New Innovator: FiltraCycle

Recycling start-up turns discarded cigarette butts into hard plastics

Cigarette butts: Thousands of tonnes of toxic waste is flicked onto pavements every day.

Cigarette butts: Thousands of tonnes of toxic waste is flicked onto pavements every day.

 

Newly minted start-up FiltraCycle is on a mission to rid the streets of cigarette butts and turn them into something useful. Specifically, the company is recycling butts to make plastic pellets that can be used to make products such as sunglasses.

The recycled material is suitable for most types of rigid plastics manufacturing and FiltraCycle will sell the pellets on domestic and export markets.

“Cigarette butts are the most common item of litter and, once you start noticing them, you see them everywhere,” says Liam Lysaght who co-founded FiltraCycle with former Clongowes schoolmates Harry Jankola and Marc Bollée earlier this year.

“We always planned to start a business together and realised that, if we could figure out a way to recycle cigarette butts, we’d have a nearly unlimited supply of free raw material to sell.

“Our initial motive was profit. It was only when we started doing our research that we realised the scale of the environmental damage being caused by cigarette waste, particularly to ocean life. Our motivation shifted from a desire to start a business (any business) to frustration at the fact that thousands of tonnes of toxic plastic waste is being casually flicked onto the street every day.” 

Launchbox accelerator

Lysaght is a final year mechanical and manufacturing engineering student while Jankola is studying international business and Bollé’s major is maths.

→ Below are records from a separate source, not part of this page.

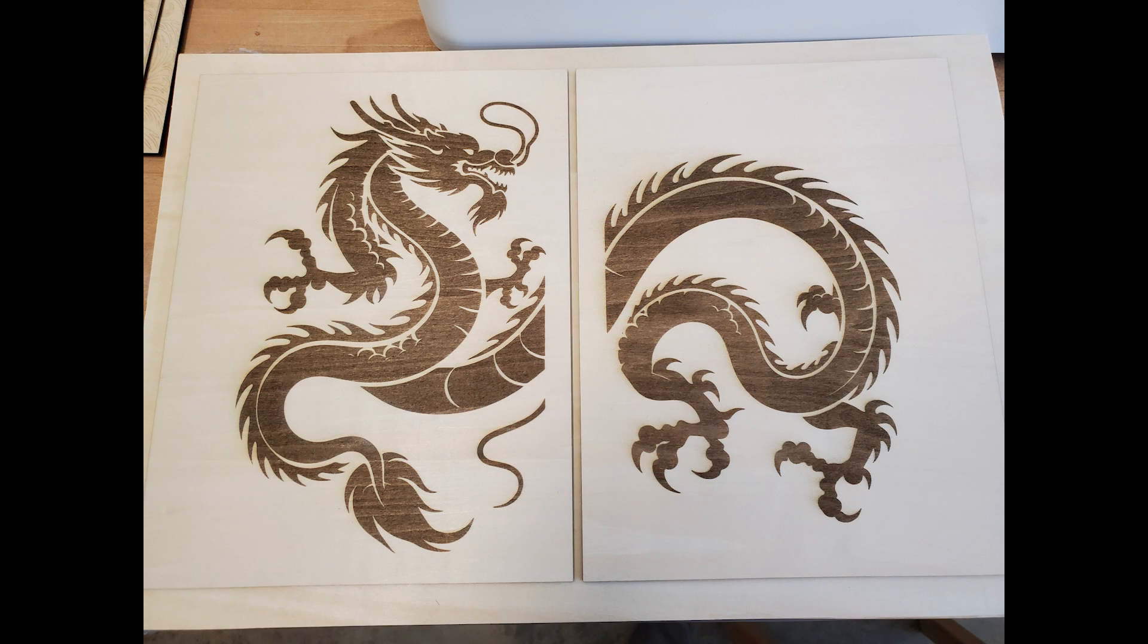I did a little light sanding on these, but really not much was required at all. And then I did a clear coat.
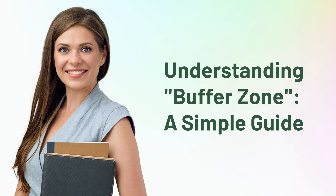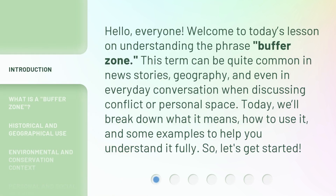Understanding Buffer Zone: A Simple Guide. Hello, everyone, welcome to today's lesson on understanding the phrase 'buffer zone.' This term can be quite common in news stories, geography, and even in everyday conversation when discussing conflict or personal space. Today, we'll break down what it means, how to use it, and some examples to help you understand it fully. So, let's get started.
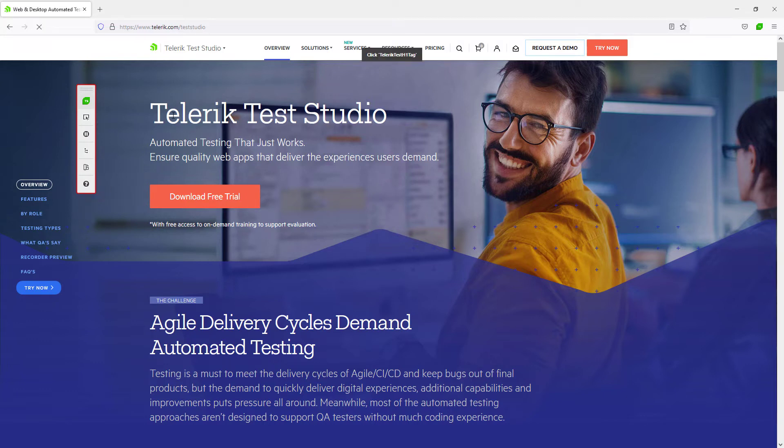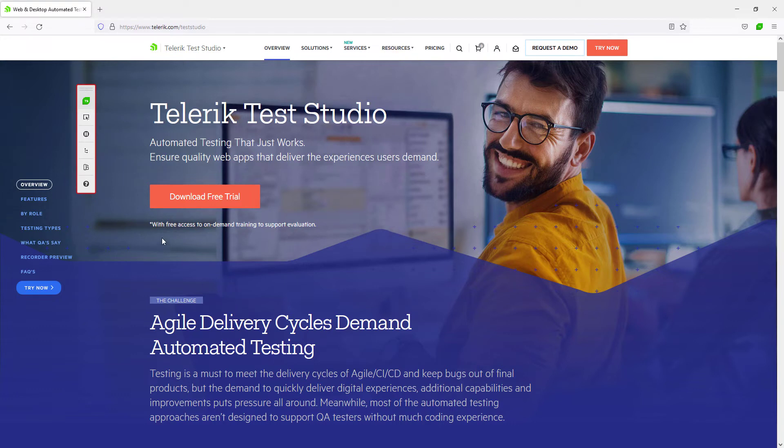When TestStudio is in recording mode, all the actions are being recorded as steps in your open test. Mouse clicks, keyboard typing, drag and drop and any other action that the user does.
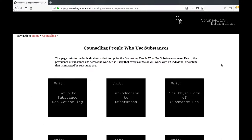Hi, I'm Dr. Scott Branson. Welcome to the Counseling Clients Who Use Substances course. In this video, I will give an overview of the course, including learning objectives and course content.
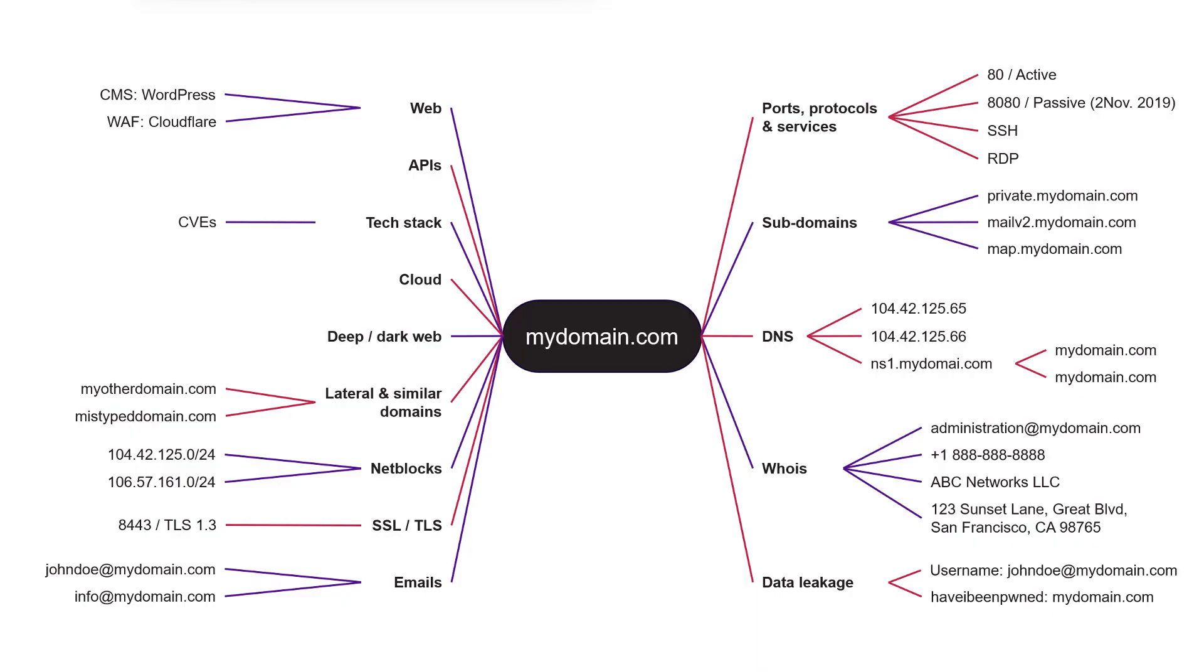Everywhere work and digital transformation led to widespread use of shadow IT and cloud-based tools. At the same time, IoT devices are seeing increased adoption and supply chains are more tightly interconnected than ever.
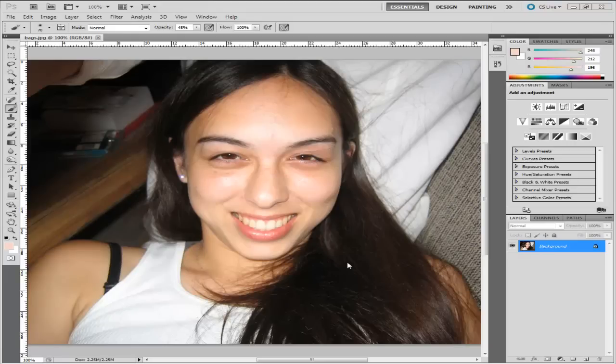Hi guys, MTS Tutorials here. This is really, really quick. I'm just going to show you how to remove this lady's bags from underneath her eyes in Photoshop. The only two tools you need to do this are the eyedrop tool and the brush tool.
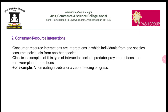The second type is consumer-resource interaction. Consumer-resource interaction means individuals from one species consume individuals from another species. Examples include predator-prey interaction and herbivore-plant interaction. For instance, a lion eating a zebra, or a zebra feeding on grass. In the first example, the zebra is the resource; in the second example, the zebra is the consumer. This is the consumer-resource interaction.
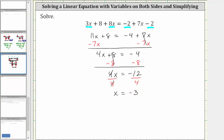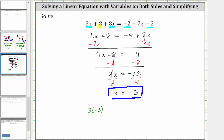The solution is x equals negative three. And let's go ahead and verify this by substituting negative three for x back into the original equation to make sure it does satisfy the equation or make the equation true. Performing this substitution, we have three times negative three plus eight plus eight times negative three equals, on the right, negative two plus seven times negative three minus two.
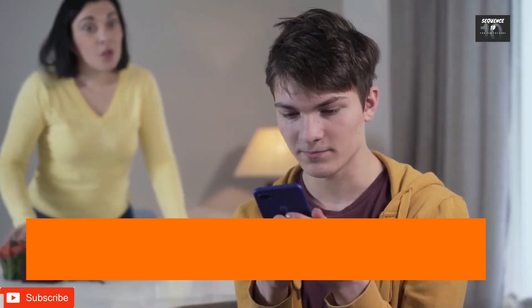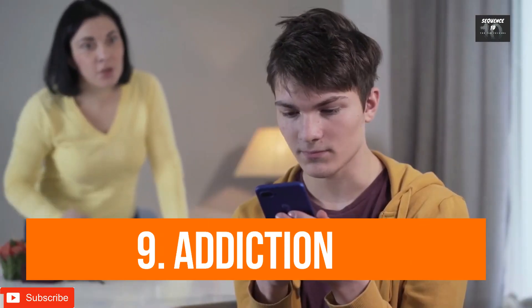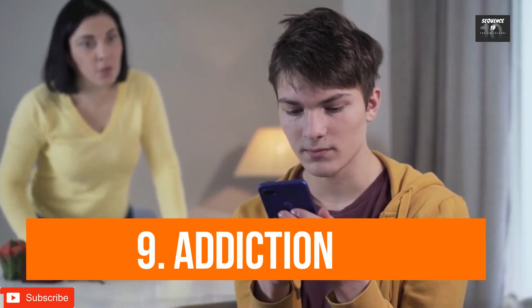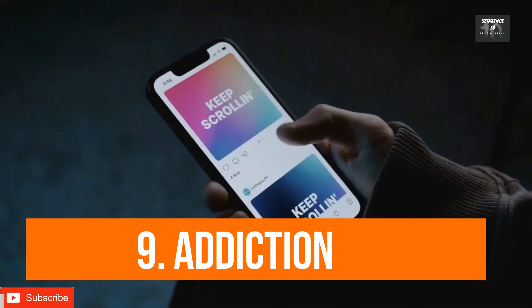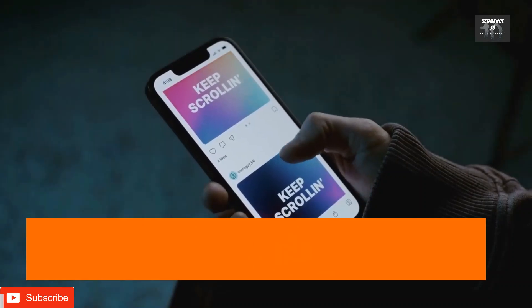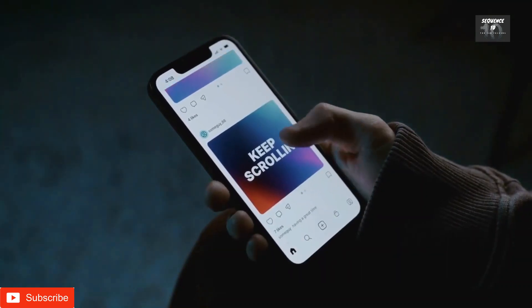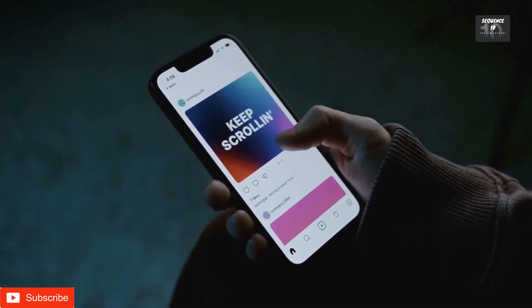Number 9: Addiction. Smartphone addiction can lead to an inability to focus on tasks, affecting productivity and overall well-being.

All three are currently taking part in the Trinity College LaunchBox accelerator for high potential student start-ups.

The founders started testing their self-developed recycling technology in the back garden of their flat towards the end of last year before graduating to “proper” equipment and successfully converting 5,000 butts into usable plastic.

Since then they have built a small production facility in Dublin and official testing is due to begin in September with a batch of 800,000 butts. The pellets produced will be sold by the tonne to the manufacturing industry.

Assuming all goes to plan, the company will be looking to raise around €500,000 over the next 18 months to build an industrial scale recycling plant.

“We are the only company in Ireland doing cigarette recycling and we have developed a new method of extracting the plastic from cigarette butts at industrial scale with no manual labour required. This gives us a competitive advantage over companies that peel cigarette butts by hand to access the filter,” Lysaght says.

“Rather than mixing the extracted cellulose acetate with other plastics to create low grade recycled material or wrapping it in other plastic to avoid having to chemically clean it, we produce clean cellulose acetate that can be used to create high quality consumer products. A good example is sunglasses and we will be launching our own brand made from our own pellets next year.”

To ensure a consistent supply of raw material, FiltraCycle has developed an IoT-linked butt bin that comes with fill-level sensors to indicate when the unit is full. The bins will be offered to retailers and the hospitality sector and the contents will be collected and recycled for a monthly subscription fee.

Concentrated cigarette waste

“Pubs, restaurants and hotels are a big source of concentrated cigarette waste and several have agreed to supply us with waste directly through these collection units. Other potential customers include waste collection companies and cigarette manufacturers who will pay for recycling as a service,” Lysaght says.

There are currently six people working in the business (all unpaid) and investment to date between founder equity and grant support is heading for €60,000 while the upcoming testing is going to cost in the region of €25,000.

All going well with the Irish roll-out, Lysaght says FiltraCycle plans to expand overseas through locally built facilities. “Our technology will travel and has been designed in such a way that on an industrial scale it is a highly automated process,” he says.